Let $ \mathcal{F}_m $ be the definable family of all constructible sets of the form $ \bigcup_{i = 1}^k V_i \cap U_i $ where $ k \le m $, and each $ V_i $ and $ U_i^c $ is cut out by at most $ m $ polynomials of degree at most $ m $, and $ V_i $ is irreducible. By the Theorem, $ \mathcal{F}_m $ is a uniformly definable family. By the previous paragraph, the map assigning to an element of $ \mathcal{F}_m $ its Zariski closure is also definable.

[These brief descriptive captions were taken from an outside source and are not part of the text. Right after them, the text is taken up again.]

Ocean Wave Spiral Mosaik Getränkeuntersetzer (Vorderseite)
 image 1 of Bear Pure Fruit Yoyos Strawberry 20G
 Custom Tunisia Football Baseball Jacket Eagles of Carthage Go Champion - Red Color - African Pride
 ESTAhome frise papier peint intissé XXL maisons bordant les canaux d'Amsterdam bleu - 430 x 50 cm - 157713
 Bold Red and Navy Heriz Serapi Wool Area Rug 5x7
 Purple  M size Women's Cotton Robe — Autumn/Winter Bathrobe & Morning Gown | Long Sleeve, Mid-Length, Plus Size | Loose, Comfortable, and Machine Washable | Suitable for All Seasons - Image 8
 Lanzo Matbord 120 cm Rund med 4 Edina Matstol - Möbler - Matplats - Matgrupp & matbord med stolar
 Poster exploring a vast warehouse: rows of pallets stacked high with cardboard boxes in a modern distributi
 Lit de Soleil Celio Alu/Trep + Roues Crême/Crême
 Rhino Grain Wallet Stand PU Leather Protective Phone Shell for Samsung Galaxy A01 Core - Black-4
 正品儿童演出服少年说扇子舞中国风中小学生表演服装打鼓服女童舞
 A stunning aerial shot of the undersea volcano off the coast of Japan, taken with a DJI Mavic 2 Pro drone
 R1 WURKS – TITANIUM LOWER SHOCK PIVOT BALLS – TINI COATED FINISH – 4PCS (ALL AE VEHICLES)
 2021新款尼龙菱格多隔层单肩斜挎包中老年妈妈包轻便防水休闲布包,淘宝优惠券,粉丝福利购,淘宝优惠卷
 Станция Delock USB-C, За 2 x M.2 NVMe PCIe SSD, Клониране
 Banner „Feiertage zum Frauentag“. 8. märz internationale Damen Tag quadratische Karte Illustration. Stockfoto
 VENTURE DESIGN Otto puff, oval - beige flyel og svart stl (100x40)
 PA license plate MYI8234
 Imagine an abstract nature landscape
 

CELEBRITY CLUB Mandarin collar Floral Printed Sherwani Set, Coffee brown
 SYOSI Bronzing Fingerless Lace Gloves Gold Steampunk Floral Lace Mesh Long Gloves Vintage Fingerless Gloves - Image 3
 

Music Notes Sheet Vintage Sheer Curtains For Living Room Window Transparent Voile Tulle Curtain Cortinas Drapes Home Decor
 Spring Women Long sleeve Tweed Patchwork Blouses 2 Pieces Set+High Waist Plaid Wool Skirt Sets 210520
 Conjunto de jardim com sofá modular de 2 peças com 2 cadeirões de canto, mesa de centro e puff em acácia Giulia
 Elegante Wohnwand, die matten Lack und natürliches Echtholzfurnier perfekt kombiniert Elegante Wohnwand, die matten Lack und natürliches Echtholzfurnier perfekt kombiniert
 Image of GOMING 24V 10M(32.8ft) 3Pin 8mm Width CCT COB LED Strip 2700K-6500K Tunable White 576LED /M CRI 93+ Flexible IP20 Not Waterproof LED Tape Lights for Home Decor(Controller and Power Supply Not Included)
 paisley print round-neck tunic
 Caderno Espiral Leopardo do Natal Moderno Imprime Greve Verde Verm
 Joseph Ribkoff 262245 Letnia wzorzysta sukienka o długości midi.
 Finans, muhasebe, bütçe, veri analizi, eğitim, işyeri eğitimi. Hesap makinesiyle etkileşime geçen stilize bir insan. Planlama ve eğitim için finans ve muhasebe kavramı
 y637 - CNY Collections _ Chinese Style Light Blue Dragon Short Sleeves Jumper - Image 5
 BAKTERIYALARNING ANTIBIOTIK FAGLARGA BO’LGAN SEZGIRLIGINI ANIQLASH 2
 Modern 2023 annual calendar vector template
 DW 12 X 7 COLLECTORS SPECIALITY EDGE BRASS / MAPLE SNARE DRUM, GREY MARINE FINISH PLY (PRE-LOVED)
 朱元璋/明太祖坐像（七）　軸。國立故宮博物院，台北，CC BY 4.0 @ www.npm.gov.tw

Now every constructible set is in $ \mathcal{F}_m $ for sufficiently large $ m $. So if $ \phi(x;y) $ is a formula, then compactness ensures that there is some $ m $ such that for every $ b $, $ \phi(\mathbb{U};b) \in \mathcal{F}_m $. It follows that the Zariski closure of $ \phi(\mathbb{U};b) $ is uniformly definable from $ b $. In other words,

**Corollary. ** Zariski closure is definable in families. That is, if $ \phi(\mathbb{U};b) \subset \mathbb{P}^n $ for every $ b $, then there is some formula $ \psi(x;y) $ such that $ \psi(\mathbb{U};b) $ is the Zariski closure of $ \phi(\mathbb{U};b) $ for every $ b $.

From this, we conclude that:

- The property of being Zariski closed (in $ \mathbb{P}^n $) is definable in families.
- The property of being Zariski closed in $ \mathbb{A}^n $ is definable in families. (Use the embedding of $ \mathbb{A}^n $ into $ \mathbb{P}^n $.)
- The property of being Zariski closed and irreducible in $ \mathbb{A}^n $ is definable in families. (A closed subset of $ \mathbb{A}^n $ is irreducible if and only if its Zariski closure in $ \mathbb{P}^n $ is irreducible.)